Travelling through Iran, the locals would joke about the "fashion police."
Squads of uniformed men hunted out anything deemed immoral - tight clothes, scarves too far back on the head, tattoos. Although the police officers' enforcement of the rules was the brunt of many a comical tale, the dress code was far from funny. It's a constant reminder that the republic only played the charade of a democracy.
Fears of this form of oppression have prompted Quebec's leaders to propose its own form of oppression in the Charter of Quebec Values. In the Parti Québécois's bid to "entrench the religious neutrality of the state and the secular nature of public institutions," it has eaten away at religious practices and beliefs and opted for a uniformed province.
Quebec Premier Pauline Marois has taken a page out of Iran's moral security plan in introducing the proposed values. The document would bar teachers, civil servants, daycare workers, university staff, health-care personnel and provincial judges from wearing "ostentatious" religious symbols on the job, which on officials' lists includes a hijab, turban, kippa and large visible crucifix. At the same time, it won't remove religious symbols considered "emblematic of Quebec's cultural heritage" from government buildings.
The cheese curds hidden in this bureaucratic poutine are an assault on anyone not seen as Quebecois - i.e. immigrants and non-Catholics. And although I'm not religious, I am fearful of any government that treads on such beliefs and practices. This affects us all.
Where does it stop? Will women be asked to remove Hermes scarves? Will Battlefield Earth T-shirts be seen as promoting L. Ron Hubbard's Scientology? Will necklaces that include feathers be forbidden as they may be interpreted as sacred to the First Nations? Fashion police?
There are so many ugly grey areas with this set of "values" that it's appropriate that the document is packaged in a cover depicting a cold, grey stone wall.
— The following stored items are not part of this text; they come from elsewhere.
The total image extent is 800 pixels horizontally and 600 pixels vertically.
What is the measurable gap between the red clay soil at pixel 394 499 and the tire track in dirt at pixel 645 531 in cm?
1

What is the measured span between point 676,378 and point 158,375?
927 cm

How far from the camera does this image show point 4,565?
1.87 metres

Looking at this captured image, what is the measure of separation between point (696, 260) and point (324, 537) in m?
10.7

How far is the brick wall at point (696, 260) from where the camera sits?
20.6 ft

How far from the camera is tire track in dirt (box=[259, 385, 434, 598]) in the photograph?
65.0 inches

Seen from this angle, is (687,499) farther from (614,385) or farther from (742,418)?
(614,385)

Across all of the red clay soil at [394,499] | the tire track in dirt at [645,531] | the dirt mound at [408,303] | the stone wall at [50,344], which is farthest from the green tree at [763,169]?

This charter rocket launches the government in the opposite direction of reaching a "neutral state," making it one that dictates cultural norms.
Uniformity, Madame Marois, is not a utopian goal. Some folks in the U.S. South aim to achieve it with their Hooded Order. A guy in Germany played his "Aryan" vision out, killing millions. While this doesn't touch those atrocities, the seed behind it is spawned from the same negligent evil.